-------- MATERIAL FOR THE TASK
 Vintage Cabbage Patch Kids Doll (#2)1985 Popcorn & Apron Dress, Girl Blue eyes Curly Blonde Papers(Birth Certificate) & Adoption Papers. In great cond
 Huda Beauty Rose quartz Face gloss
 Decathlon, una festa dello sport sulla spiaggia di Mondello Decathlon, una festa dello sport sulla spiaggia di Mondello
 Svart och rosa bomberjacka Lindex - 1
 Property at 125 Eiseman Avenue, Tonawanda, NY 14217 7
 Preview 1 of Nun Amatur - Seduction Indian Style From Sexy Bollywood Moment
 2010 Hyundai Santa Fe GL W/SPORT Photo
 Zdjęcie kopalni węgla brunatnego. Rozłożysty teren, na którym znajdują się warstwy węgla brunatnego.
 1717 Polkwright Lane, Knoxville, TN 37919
----------------
* _WHAT IS REQUIRED_:
Print, exactly as written, each record in the listing above.

* _REPLY TO THE EXERCISE_:
 Vintage Cabbage Patch Kids Doll (#2)1985 Popcorn & Apron Dress, Girl Blue eyes Curly Blonde Papers(Birth Certificate) & Adoption Papers. In great cond
 Huda Beauty Rose quartz Face gloss
 Decathlon, una festa dello sport sulla spiaggia di Mondello Decathlon, una festa dello sport sulla spiaggia di Mondello
 Svart och rosa bomberjacka Lindex - 1
 Property at 125 Eiseman Avenue, Tonawanda, NY 14217 7
 Preview 1 of Nun Amatur - Seduction Indian Style From Sexy Bollywood Moment
 2010 Hyundai Santa Fe GL W/SPORT Photo
 Zdjęcie kopalni węgla brunatnego. Rozłożysty teren, na którym znajdują się warstwy węgla brunatnego.
 1717 Polkwright Lane, Knoxville, TN 37919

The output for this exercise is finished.